What the Midterm Elections Mean for Online Poker
The changing of the guard from Democrats to Republicans in the House of Representatives presents a challenge for the movement to license and regulate Internet poker.
Everyone likes to say this is a bipartisan issue. In theory, it should be. Tax revenue, consumer protection and a citizen's freedom to do what he wants in his own home are issues that cross party lines. But it was shown clearly in July's House Financial Services Committee vote that there is a wide gap in support between parties. The Democrats voted overwhelmingly (34-4) in favor of Barney Frank's Internet gambling legislation and the Republicans were lukewarm at best to the idea (7-18).
With Republicans taking a whopping 60 seats from the Democrats in Tuesday's election for a 239-186 majority, groups like the Poker Players Alliance will need to adjust to a House that figures to be more difficult to navigate.
"We're going to have to make decisions on the focus of legislation, the breadth of legislation and who the sponsors are," Executive Director of the PPA John Pappas said. "We need to be smart about it. We can't look at what's in the past and say that will work now, because obviously we have a new reality here and we need to focus legislation to reflect that new reality."
The harshest part of that new reality is that Frank, the champion of the rights of online poker players on Capitol Hill, no longer will have his pulpit from which to push legislation. Frank, who did win his re-election to represent his district in Massachusetts for a 16th term, will become the ranking member in the committee. Even worse for poker, one of the few congressmen truly gung-ho against Internet gambling, Spencer Bachus (R-Ala.) is the favorite to take over as chairman. Remember the way Frank was able to dictate the agenda and cut off Bachus during the hearing and markup this year, and figure Bachus will be looking to do the same with their roles reversed.
"Certainly, Internet gaming is just one of the issues Barney is passionate about, and his loss of power will hurt," Pappas said. "It will be much more difficult to get that bill through the House Financial Services Committee without his leadership."
Pappas said the PPA will consider pushing for someone else to introduce an Internet poker licensing bill in the House next session in place of Frank, possibly a Republican.
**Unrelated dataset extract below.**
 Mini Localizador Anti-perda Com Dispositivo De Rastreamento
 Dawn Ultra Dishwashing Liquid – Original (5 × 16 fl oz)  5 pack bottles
The new Speaker of the House is expected to be John Boehner (R-Ohio), who has a grade of F on the PPA's congressional rankings. The PPA rankings include a letter written by Boehner that does give some hope that he isn't steadfast in his opposition. He writes that he believes "we must take reasonable steps to stop the spread of illegal gambling and money laundering activities." However, he also writes that he believes gambling can be acceptable entertainment in moderation and that he generally opposes government interference in the Internet.
This year, all progress for poker at a federal level occurred in the House while the Senate bill remained stagnant. That may change in this new reality. The Democrats maintained control of the Senate and Senate Majority Leader Harry Reid (D-Nev.), thought to be a key ally because his constituency includes Las Vegas casinos like Harrah's that are interested in legal online poker, won his re-election. Though Reid has yet to publicly champion the movement for licensed and regulated Internet poker the way Frank has, he is probably the best chance to make something happen in the next two years because he has a power position and Frank will not.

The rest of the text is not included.